Δευτέρα 3 Ιουνίου 2013

Parsing a C/C++ struct in Java

Assume you are a "lucky" guy that your Java application interfaces with a C/C++ application (e.g. a kind of server) which sends you some kind of TCP/UDP network messages you need to parse. An example such C/C++ structure is shown below:


enum Gender { MALE, FEMALE };
struct msg {
  #ifdef INTEL_STYLE
      UCHAR spare4:4;
      UCHAR octal:3;
      UCHAR bool:1;
  #else
      UCHAR bool:1;
      UCHAR octal:3;
      UCHAR spare4:4;
  #endif
  UINT uint;  
  char str[5];
  float flt;

  enum Gender gender;
}


If your C/C++ application runs on an INTEL (x86) based machine architecture, then you receive the bits as little endian (see INTEL_STYLE above), otherwise as big endian (e.g.

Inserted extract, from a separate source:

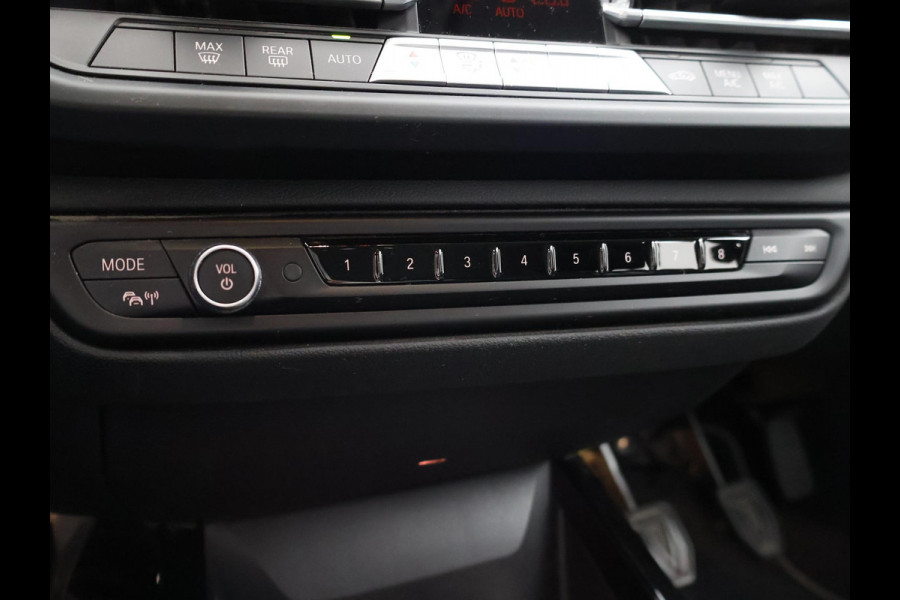 BMW 1-serie 116D LESAUTO DUBBELE BEDIENING HANDGESCHAKELD + CAMERA | SPORTSTOELEN | LED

SPARC machines). Note that the JVM is big endian, too. In the following we assume a big-endian architecture.
In this blog entry we are going to see how you can parse such a message in your receiving Java application. 

What will you need?

  • the javolution library to parse the C/C++ struct in Java
  • a calculator that handles binaries, hexadecimals and decimals (Windows, Linux and MacOSX already provide such calculators. However, they don't handle decimal point numbers, so this online converter will prove useful, too).
The following table shows how the C/C++ data types correspond to Javolution Struct.

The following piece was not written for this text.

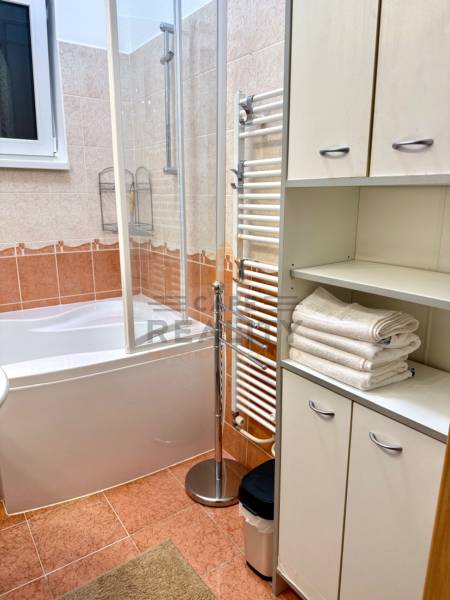 REZERVOVANÉ Na prenájom 3 izbový byt, 73 m2, Bratislava, Zochova - Kúpeľňa s vaňou a skrinkou v 3-izbovom byte, svetlé dlažby a uteráky.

C Java (Javolution Struct)
UCHAR
Unsigned8
UWORD
Unsigned16
UINT
Unsigned32
byte
Signed8
short
Signed16
int
Signed32
long
Signed64
long long
Signed64
float
Float32
double
Float64
pointer
Reference32
char[]
UTF8String
enum
Enum32

Let's get started. 

The following Java class represents the above C/C++ struct in Java:

import java.nio.ByteBuffer;

public class Message extends javolution.io.Struct {     
   private final Unsigned8 bool = new Unsigned8(1);     
   private final Unsigned8 octal = new Unsigned8(3);     
   private final Unsigned8 spare2 = new Unsigned8(4);
   private final Unsigned32 uint = new Unsigned32();

   private final UTF8String str = new UTF8String(5); 
   private final Float32 flt = new Float32();  
   private final Enum32 gender = new Enum32(Gender.values());  

   public Message (byte[] b) {         
       this.setByteBuffer(ByteBuffer.wrap(b), 0);     
   }
   
   public boolean getBool() {      
       return bool.get() != 0;     
   }
   
   public int getOctal() {         
       return octal.get();     
   } 

   public long getUInt() {                 
       return uint.get();
   }

   public String getStr() {             

       return str.get();         
   } 

   public float getFlt() {         
       return flt.get();     
   } 


   public Gender getGender() {
       return gender.get();
   }
 }

enum Gender { MALE, FEMALE };

Our Message class corresponds to the C msg struct. It extends javolution.io.Struct which is an implementation of the java.nio.ByteBuffer. This crash course about Java ByteBuffer provides useful background information. 
The C/C++ struct starts with a UCHAR which corresponds to Unsigned8, i.e. one byte. The numbers after the colons (:) denote how many bits inside the byte represent each field of the UCHAR. Thus, octal:3 means that 3 bits represent the octal field. This in Javolution is represented by Unsigned8(3)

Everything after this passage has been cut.